Obviously, there's a dynamic that takes place between two people that ultimately reflects back to what God is looking for in a relationship with us. But Sean, I've always said this, there's nothing more beautiful in all the world than to be in a relationship with someone who's supposed to love you and they actually love you, and there's nothing more painful in all the world than to be in a relationship with someone who's supposed to love you and they don't love you. Sean, when we get love wrong, we start to begin searching frantically to fill that void, don't we? We go on a journey.

Dr. Sean McDowell: Oh, we do. I love that question, because sometimes our culture gets it right and sometimes our culture gets it wrong. I think our culture gets it right sometimes because everybody's made in God's image and there's something inside of us that wants to be loved rightly, as you indicated. I hope this example flies, but you think about the recent Marvel films with Infinity War and Endgame, two, three years ago. Endgame ends 10 years of this epic filmmaking with Iron Man willingly laying down his life as an act of courage and an act of love that everybody recognizes as the real hero intuitively, because you know what somebody loves by what they're willing to sacrifice for. When I saw that, I thought, wow, they get it right. Of course, Jesus said, "Greater love have no man than this, that a man lay down his life or a friend."

But then sometimes our culture gets love deeply mistaken, in the sense that we now have this idea that I can live my truth, and my identity is rooted in my own feelings, and my job of love is to affirm however somebody feels about themselves. If I happen to object, I'm the one who's bigoted and hateful and intolerant, et cetera. That's where our culture gets it wrong. That's where Christians have to say, "Okay, wait a minute. Love actually involves ..." You read from 1 Corinthians 13, love is when you will and act towards the objective good of another person. What's difficult about that is sometimes when you love somebody, you have to act towards their objective good. They won't see it, they won't reciprocate it, in fact, they might even be angry at you. That's exactly what happened with Jesus.

You're right, our deepest desire is to be loved. We've got to wade through these confusions in our culture and make sure we're clear on what real love is and biblical love is, because when we're experiencing it and we're given it, that's the most fulfilling life. We all just know that's what our hearts yearn for.

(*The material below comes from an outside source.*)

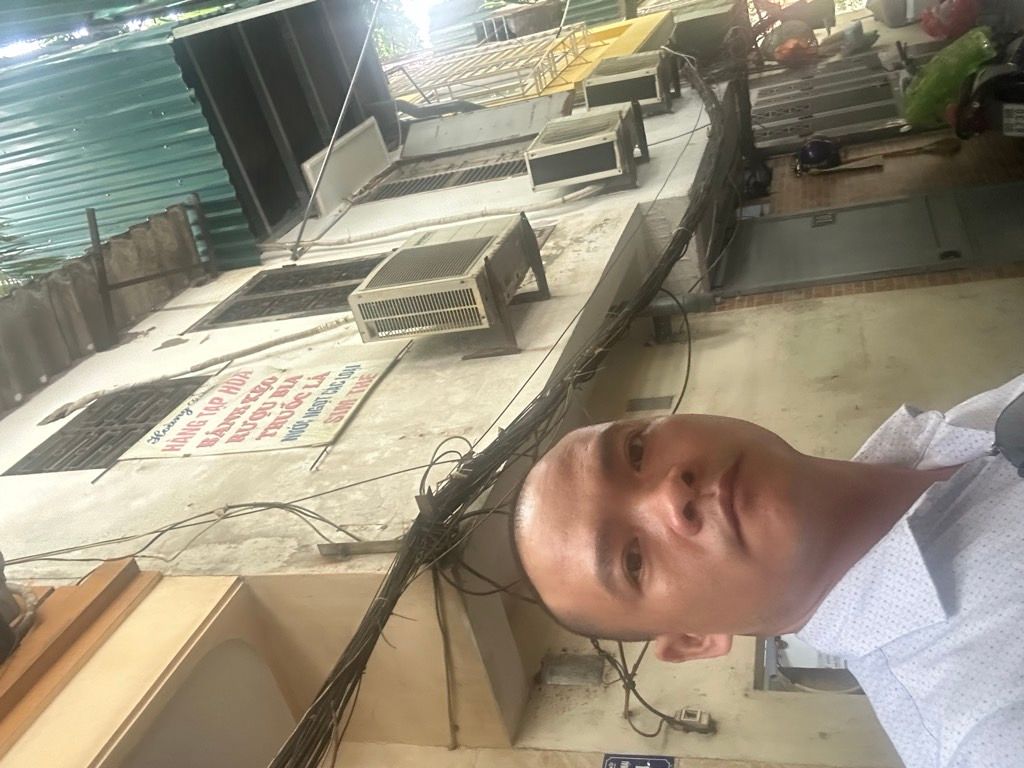 Bán nhà Nguyễn Trãi - diện tích 10m2 3 tầng - VIEW ROYAL - giá 2,35 tỷ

Dr. Tim Clinton: Sean, in the world of psychology, they often study love and look at how we're wired for love. I don't know about you, Sean, I know you married your high school sweetheart, Stephanie, I remember the first time I saw Julie, really noticed her. We were at a roller skating rink, we were attending Liberty University as freshman. Here's this girl out on the floor, she had on red pants, I'll never forget it, blonde hair. I'm telling you, my brain started going sideways. It was like, "That is amazing." You know the laws of attraction, and we're not talking about love and all this stuff.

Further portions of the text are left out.